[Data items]

_ _ _

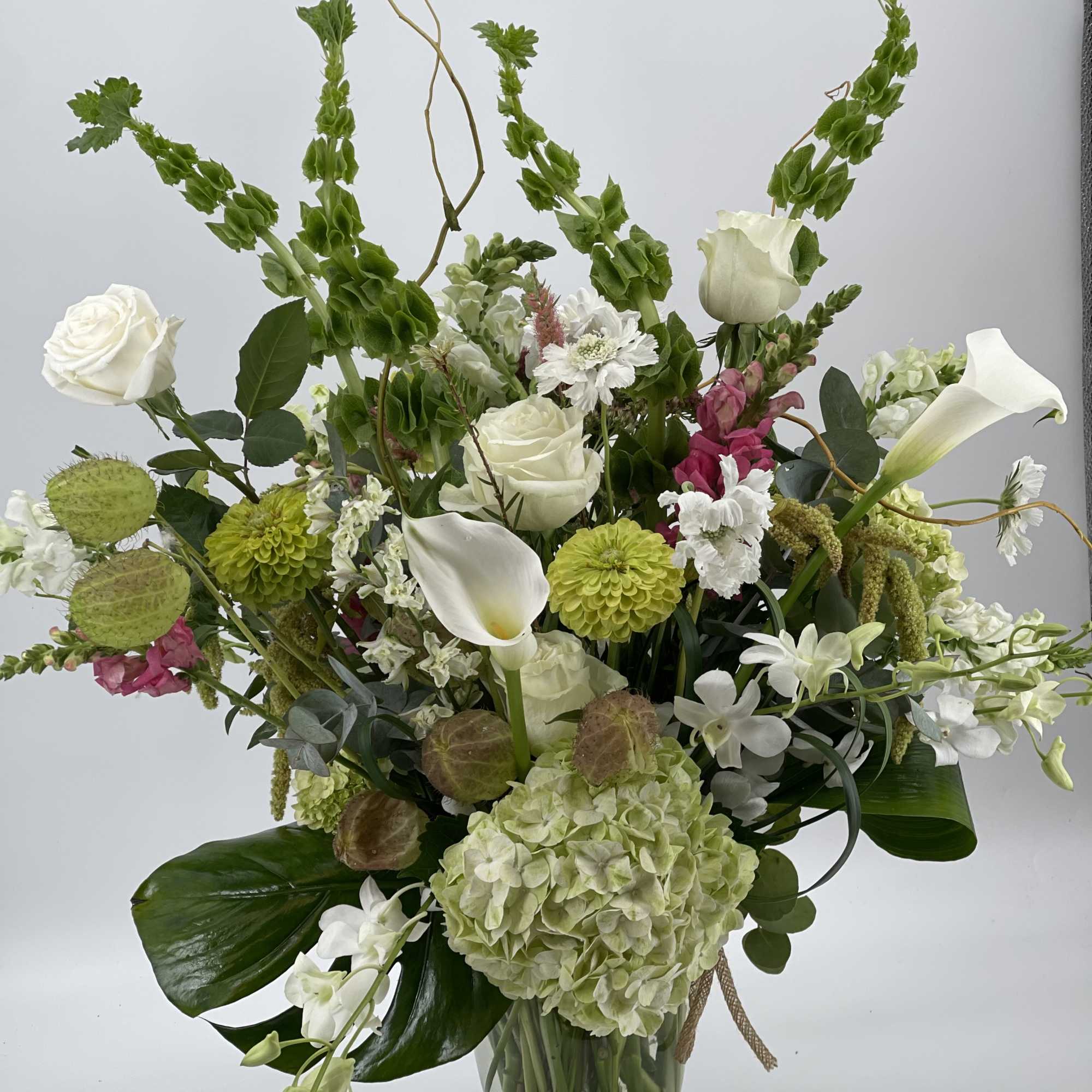 Tall mixed floral arrangement in a glass vase with white roses, calla lilies, and green blooms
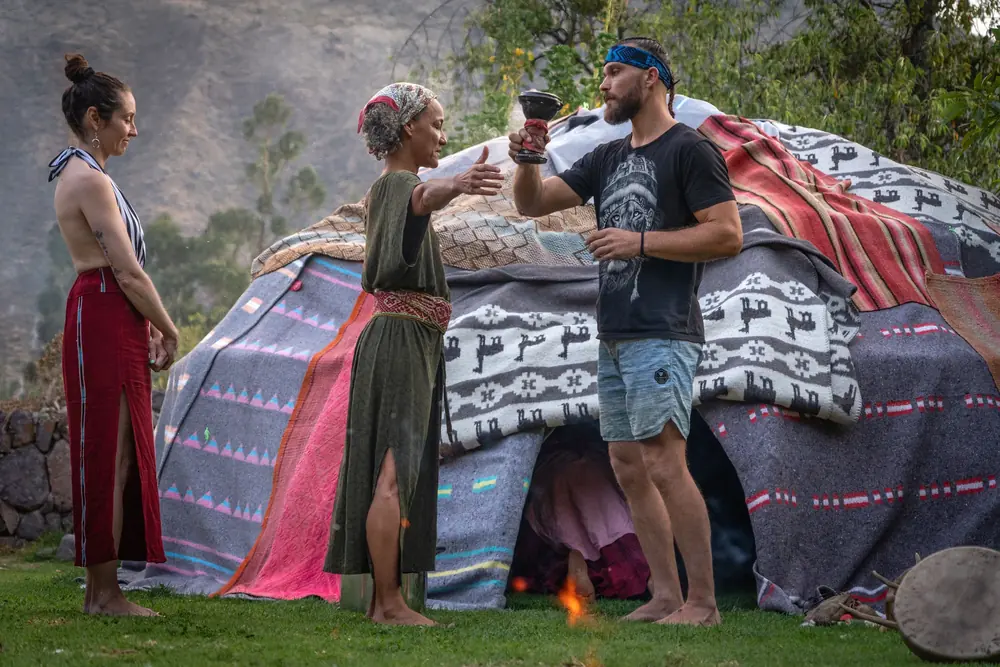 Participants share a blessing in front of the blanket-covered sweat lodge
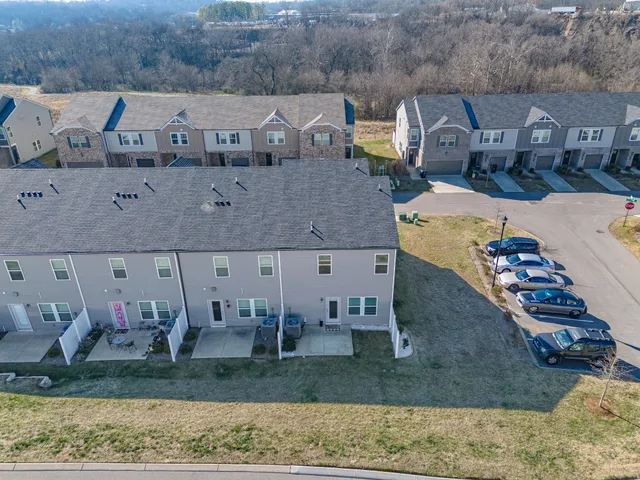 an aerial view of a house with a mountain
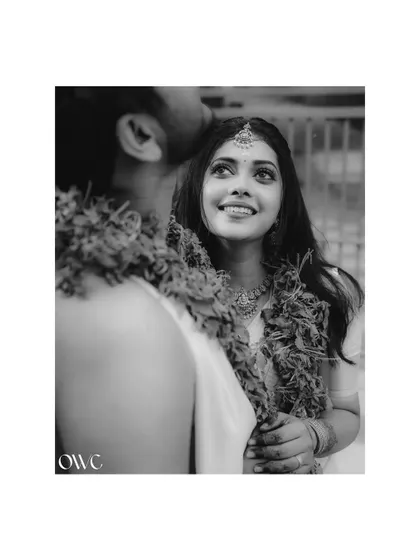 A beautiful black and white over-the-shoulder shot of a bride looking up at her groom with adoration.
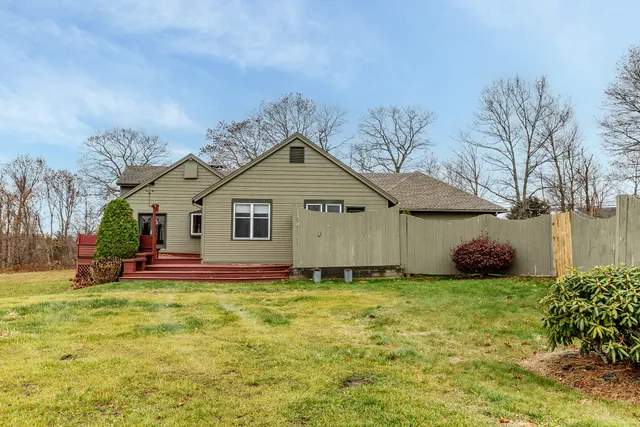 a backyard of a house with wooden floor and outdoor seating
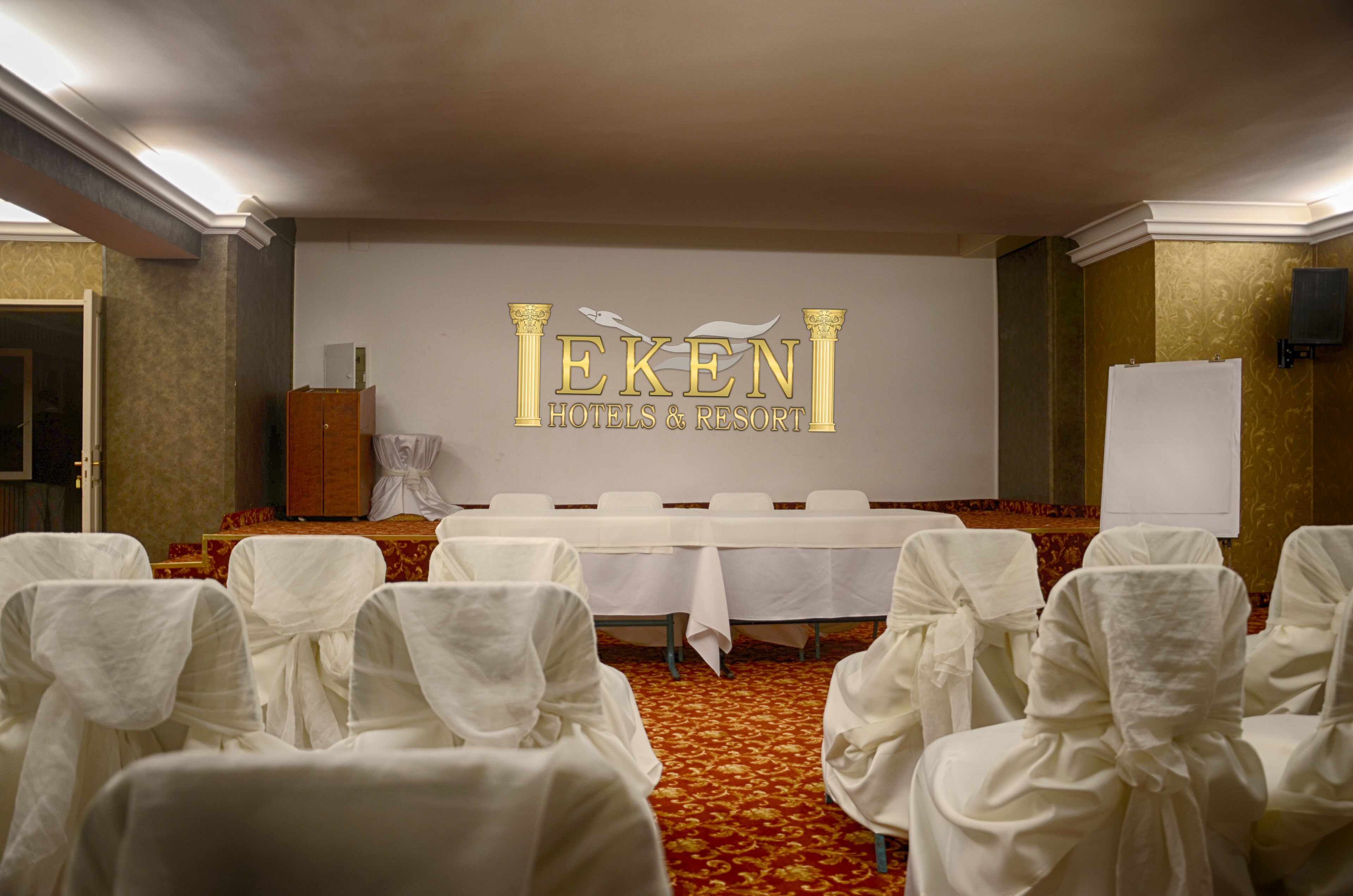 Un salón de conferencias con un escenario, sillas blancas con cintas y un cartel que dice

_ _ _

* [Problem to solve] Put down exactly the lines of the data above that run from its first line through the line bearing "A beautiful black", and no pictures.

* [Problem solution]
 Tall mixed floral arrangement in a glass vase with white roses, calla lilies, and green blooms
 Participants share a blessing in front of the blanket-covered sweat lodge
 an aerial view of a house with a mountain
 A beautiful black and white over-the-shoulder shot of a bride looking up at her groom with adoration.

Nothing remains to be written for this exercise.